Une des tendances qui ont inondé les rues est de voir des beautés impeccables porter de vieux vêtements, usés, en tous cas pas flatteurs, vieux de quelques décennies ou carrément des vêtements mémère. L’idée, à mon avis, est de montrer que la fille est si superbe que rien ne peut estomper sa radiance ardente, pas même un vieux pull laid avec les lunettes de mamie et les jeans de maman. Cette tendance sophistiquée a pris tant d’ampleur qu’elle influence et inspire des marques contemporaines et de jeunes designers à créer des articles complètement nouveaux en ignorant totalement l’écologie, la conservation et les valeurs inhérentes du recyclage qui sont pourtant à la base de cette tendance.
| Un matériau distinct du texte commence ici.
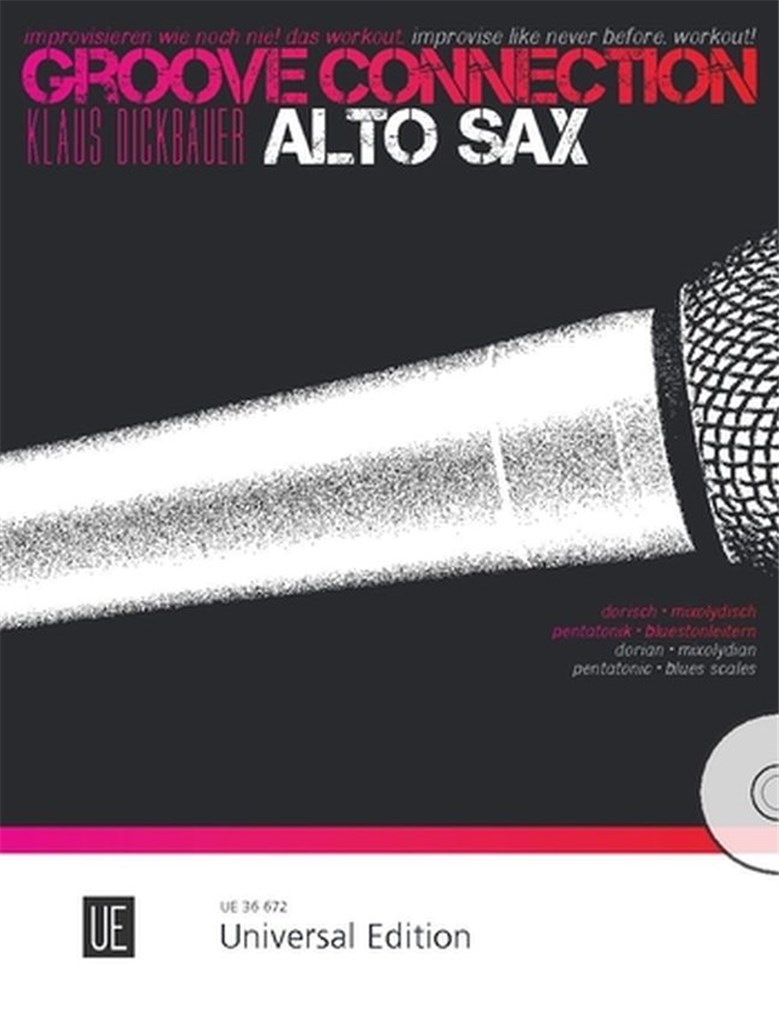 Groove Connection Alto Saxophone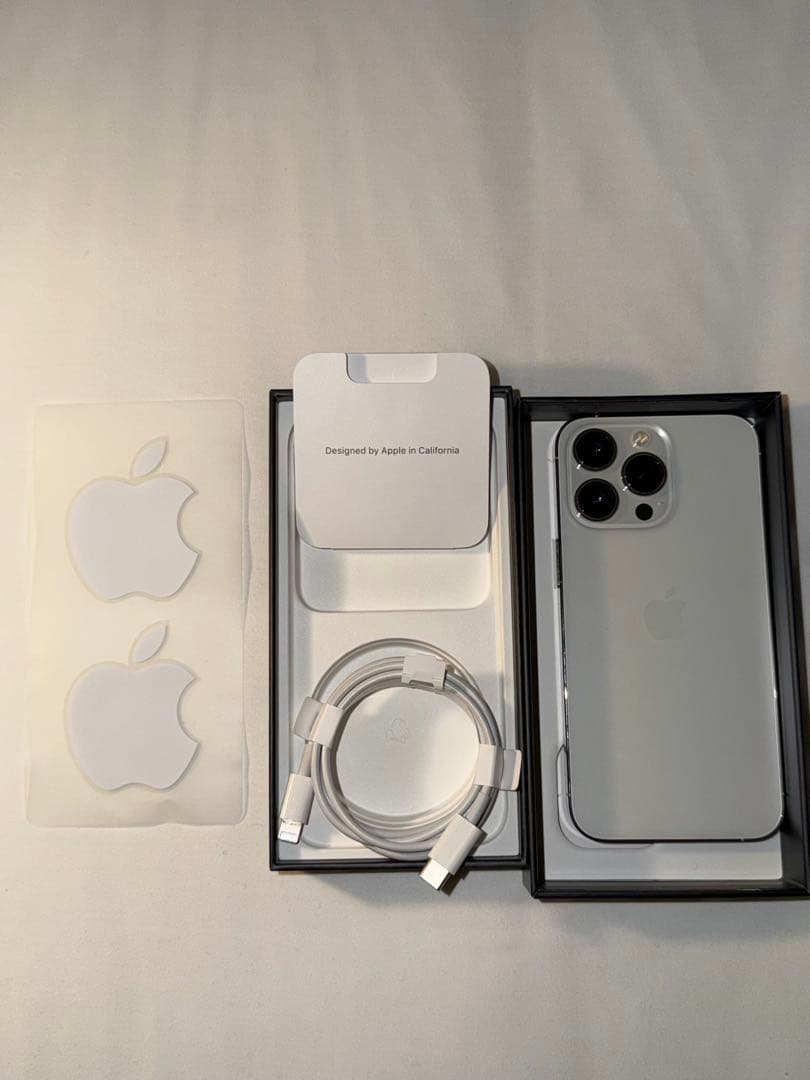 iPhone 13 Pro シルバー 256GB simフリー 消音機能有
La qualité réellement importante à la base de cette tendance retro/vintage est de mettre en relief l’industrie de la mode comme la seconde source de pollution dans le monde (après l’industrie de l’exploitation animale) et en même temps c’est une exploitation immense, qui entretient des ateliers de misère, qui emploie des enfants et d’autres populations vulnérables de par le monde, dans des conditions d’esclavage. Acheter des articles de seconde main aide à réduire les dommages de l’industrie de la mode mais cette industrie n’a pas perdu de vue la croissante dérive du recyclage comme elle a bien pris note de l’engouement nostalgique pour les styles en voie d’extinction. L’industrie au regard perçant n’a pas perdu de temps et a commencé à s’auto-imiter dans son ancien self, en recyclant de vieilles toilettes sans gloire mais avec des matériaux nouveaux, moins couteux mais bien plus nuisibles que dans le passé, plus polluants et dépourvus de durabilité, polluant les sols et les eaux du globe et exploitant massivement la masse salariale la plus nécessiteuse.
Des victimes de la mode se repaissent de selfies, font de la publicité sur divers réseaux sociaux et diffusent cette horreur au service de l’industrie manipulatrice de la mode. Par-delà les répercussions dramatiques environnementales et sociales, l’internet est maintenant rempli de pseudo esthétique, kitsch et de mauvais goût qui se présente comme les nouveaux canons de la beauté.
En conclusion, sur la base d’observations historiques, sociales et environnementales, il n’y a pas de doute, en 2020 au moins, le Laid est le nouveau beau.